But in BE’s position, is a lower price scenario the real problem ? Recalling yesterday’s post, it is clear that if ‘legacy issues’ persist (or worse), BE may be unable to deliver from their own output. Now UK capacity is tight, and large-scale BE unreliability can move the market, tending to drive spot prices up - making it even more painful to deliver at low forward prices using replacement power purchased at market price. If you have to deliver at 32 ... and you’re short ... and the market goes back up to 60 ... ouch!

BE are playing double-or-quits here. The lights are on, but is anyone at home? Oh, hang on, now the lights are flickering . . .

ND

16 comments:

dearieme said...

The nuclear waste problem and the heating-our-houses problem could be solved at a stroke by giving us each a bit of nuclear waste to use as a heat source for our houses. Of course, we'd all needs some lead shielding, but we could knock that up from the batteries in our cars which we'll no longer need because of the lack-of-petrol problem. Easy-peasy.

Nick Drew said...

dearime, you are just the man Malcolm Wicks wants to meet

and you look so healthy on it ... positively glowing

Mark Wadsworth said...

When they sell in advance do they get cash up front, or is it like a normal futures contract?

Nick Drew said...

Mark - it's normal in that sense: cash flows after electricity has been delivered. (That was Enron's basic problem: they were marking this type of big, long-term forward contract to market, and hence taking them into P&L, but the cash wasn't due for years to come.)

Would tend to be called 'forwards' rather than 'futures', because (a) they are 'physically settled', not CFDs, i.e. actual electricity changes hands (followed by the £); and (b) 99.9% are negotiated OTC rather than exchange-traded.

Ed said...

Where does the public sector find these "managers" who manage to do the opposite of what's sensible every time?

And how on Earth do such idiots get into government?

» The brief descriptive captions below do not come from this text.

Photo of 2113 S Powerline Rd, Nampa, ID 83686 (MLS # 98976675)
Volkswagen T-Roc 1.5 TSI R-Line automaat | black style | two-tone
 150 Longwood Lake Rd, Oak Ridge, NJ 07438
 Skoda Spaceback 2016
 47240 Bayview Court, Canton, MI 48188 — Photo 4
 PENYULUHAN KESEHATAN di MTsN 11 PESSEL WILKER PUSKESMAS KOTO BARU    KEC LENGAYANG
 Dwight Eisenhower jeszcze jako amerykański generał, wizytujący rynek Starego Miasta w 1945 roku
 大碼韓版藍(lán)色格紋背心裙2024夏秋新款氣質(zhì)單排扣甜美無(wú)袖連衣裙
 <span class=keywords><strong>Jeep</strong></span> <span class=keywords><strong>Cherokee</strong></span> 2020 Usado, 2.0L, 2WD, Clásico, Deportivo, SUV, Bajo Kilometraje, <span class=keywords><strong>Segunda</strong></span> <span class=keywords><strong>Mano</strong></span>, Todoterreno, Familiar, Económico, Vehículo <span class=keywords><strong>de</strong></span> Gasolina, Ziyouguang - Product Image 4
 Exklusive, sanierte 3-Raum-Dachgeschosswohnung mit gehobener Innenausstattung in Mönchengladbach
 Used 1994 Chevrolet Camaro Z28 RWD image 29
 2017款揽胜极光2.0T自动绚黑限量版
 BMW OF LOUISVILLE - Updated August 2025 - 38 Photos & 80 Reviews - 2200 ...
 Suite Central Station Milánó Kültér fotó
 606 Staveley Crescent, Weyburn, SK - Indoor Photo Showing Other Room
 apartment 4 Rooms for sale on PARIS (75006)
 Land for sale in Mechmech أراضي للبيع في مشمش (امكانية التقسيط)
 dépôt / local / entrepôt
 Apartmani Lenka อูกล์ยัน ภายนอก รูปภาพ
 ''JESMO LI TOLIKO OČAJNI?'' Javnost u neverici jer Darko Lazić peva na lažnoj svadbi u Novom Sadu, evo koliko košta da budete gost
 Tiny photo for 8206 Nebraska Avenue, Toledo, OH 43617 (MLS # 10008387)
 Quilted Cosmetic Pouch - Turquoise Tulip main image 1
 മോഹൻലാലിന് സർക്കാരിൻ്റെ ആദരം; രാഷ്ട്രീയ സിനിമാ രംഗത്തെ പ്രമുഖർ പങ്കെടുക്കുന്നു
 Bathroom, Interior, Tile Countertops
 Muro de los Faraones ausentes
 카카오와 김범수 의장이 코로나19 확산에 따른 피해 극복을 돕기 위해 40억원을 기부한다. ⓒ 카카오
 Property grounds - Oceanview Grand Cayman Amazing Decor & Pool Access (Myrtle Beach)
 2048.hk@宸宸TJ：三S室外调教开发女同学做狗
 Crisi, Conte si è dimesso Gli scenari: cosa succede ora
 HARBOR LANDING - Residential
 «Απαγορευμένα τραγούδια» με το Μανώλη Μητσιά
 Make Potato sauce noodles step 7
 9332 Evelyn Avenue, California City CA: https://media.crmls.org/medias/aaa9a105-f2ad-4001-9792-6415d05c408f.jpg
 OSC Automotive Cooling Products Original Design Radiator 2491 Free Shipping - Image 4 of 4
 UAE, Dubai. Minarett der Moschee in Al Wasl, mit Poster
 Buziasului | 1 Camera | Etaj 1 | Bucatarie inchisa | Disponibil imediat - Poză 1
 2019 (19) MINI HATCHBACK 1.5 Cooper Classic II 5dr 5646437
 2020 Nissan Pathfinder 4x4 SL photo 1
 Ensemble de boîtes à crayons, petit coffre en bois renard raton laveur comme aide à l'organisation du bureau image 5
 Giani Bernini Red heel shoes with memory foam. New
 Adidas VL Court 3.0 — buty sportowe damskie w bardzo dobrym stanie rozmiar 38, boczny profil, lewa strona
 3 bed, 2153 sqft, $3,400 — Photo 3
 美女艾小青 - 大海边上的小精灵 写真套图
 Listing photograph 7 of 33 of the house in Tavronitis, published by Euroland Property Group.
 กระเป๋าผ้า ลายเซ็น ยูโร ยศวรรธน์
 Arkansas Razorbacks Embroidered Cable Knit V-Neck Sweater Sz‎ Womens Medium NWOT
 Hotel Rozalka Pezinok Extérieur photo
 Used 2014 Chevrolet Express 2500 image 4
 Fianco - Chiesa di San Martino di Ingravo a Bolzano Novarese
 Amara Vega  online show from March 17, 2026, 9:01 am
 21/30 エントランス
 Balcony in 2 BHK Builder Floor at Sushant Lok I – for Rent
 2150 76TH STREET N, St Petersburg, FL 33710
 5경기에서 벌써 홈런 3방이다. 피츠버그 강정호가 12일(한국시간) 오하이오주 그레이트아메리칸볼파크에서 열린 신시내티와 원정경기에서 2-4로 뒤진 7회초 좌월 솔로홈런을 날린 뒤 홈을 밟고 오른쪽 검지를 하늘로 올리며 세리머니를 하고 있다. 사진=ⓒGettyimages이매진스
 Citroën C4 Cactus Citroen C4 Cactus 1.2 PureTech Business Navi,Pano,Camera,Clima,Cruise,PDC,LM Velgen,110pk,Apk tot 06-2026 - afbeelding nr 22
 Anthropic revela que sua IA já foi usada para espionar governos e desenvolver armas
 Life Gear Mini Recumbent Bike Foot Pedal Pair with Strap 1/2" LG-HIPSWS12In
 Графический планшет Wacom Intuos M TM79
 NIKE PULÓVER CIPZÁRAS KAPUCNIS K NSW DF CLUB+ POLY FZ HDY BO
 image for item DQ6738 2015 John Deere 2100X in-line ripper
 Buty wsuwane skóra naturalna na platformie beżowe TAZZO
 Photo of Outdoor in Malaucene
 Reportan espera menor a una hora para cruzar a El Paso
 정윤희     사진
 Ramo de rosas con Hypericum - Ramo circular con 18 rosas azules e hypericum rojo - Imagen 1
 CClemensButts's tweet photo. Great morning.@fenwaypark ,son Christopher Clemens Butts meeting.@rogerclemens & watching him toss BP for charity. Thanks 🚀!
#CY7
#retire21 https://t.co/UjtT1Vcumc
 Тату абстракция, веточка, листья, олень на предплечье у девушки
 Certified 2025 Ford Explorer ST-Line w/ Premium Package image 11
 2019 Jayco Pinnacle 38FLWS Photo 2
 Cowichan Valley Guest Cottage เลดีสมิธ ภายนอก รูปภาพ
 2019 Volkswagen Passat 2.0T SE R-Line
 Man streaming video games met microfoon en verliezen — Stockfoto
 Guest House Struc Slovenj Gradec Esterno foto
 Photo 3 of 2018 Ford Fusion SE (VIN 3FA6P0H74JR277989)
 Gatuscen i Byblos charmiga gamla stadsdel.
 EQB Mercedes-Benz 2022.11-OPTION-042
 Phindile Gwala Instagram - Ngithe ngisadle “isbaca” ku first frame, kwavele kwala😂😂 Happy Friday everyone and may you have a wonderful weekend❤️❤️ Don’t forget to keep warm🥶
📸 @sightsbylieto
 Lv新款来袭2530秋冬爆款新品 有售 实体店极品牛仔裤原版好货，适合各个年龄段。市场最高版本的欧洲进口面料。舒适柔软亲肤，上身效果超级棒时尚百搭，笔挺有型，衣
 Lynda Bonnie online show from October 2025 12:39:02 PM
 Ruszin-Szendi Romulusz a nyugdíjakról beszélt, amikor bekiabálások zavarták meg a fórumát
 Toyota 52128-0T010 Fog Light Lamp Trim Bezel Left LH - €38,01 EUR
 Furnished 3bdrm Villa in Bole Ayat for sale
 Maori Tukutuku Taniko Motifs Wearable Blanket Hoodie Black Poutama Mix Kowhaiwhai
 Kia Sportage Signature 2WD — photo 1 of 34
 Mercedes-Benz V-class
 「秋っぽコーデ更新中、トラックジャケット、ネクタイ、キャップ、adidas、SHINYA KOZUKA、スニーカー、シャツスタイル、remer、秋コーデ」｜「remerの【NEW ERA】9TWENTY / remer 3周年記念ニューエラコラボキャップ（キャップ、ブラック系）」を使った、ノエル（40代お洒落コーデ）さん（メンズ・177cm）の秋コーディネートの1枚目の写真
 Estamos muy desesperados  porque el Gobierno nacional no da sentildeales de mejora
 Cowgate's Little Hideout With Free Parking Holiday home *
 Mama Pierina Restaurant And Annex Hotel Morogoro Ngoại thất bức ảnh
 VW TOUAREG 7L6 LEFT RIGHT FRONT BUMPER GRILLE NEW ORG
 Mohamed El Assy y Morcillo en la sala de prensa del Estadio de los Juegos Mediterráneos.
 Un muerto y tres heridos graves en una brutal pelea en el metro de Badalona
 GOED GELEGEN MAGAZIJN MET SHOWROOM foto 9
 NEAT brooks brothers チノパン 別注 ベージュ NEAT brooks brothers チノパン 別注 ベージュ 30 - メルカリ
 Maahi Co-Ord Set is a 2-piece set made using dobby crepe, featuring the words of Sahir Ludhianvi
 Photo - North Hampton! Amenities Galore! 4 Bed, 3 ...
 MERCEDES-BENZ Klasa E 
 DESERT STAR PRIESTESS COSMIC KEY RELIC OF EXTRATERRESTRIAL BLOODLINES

Is the political barrel really that empty of talent?

Nick Drew said...

Ed - BE is an excellent case-study, in 7 easy steps.

1. 2002: BE is run into the ground by a management with only half an eye on the ball, knowing full-well the govt will have to bail them out

2. Govt amazed & appalled, has no idea what to do, so appoints armies of consultants and advisers ...

3. ... who deploy the usual battalions of bright 22-year-olds

4. Hordes of very sharp vultures gather, whispering helpful suggestions that will get everyone off the short-term hook (rarely difficult in a world where long-term deals are the norm)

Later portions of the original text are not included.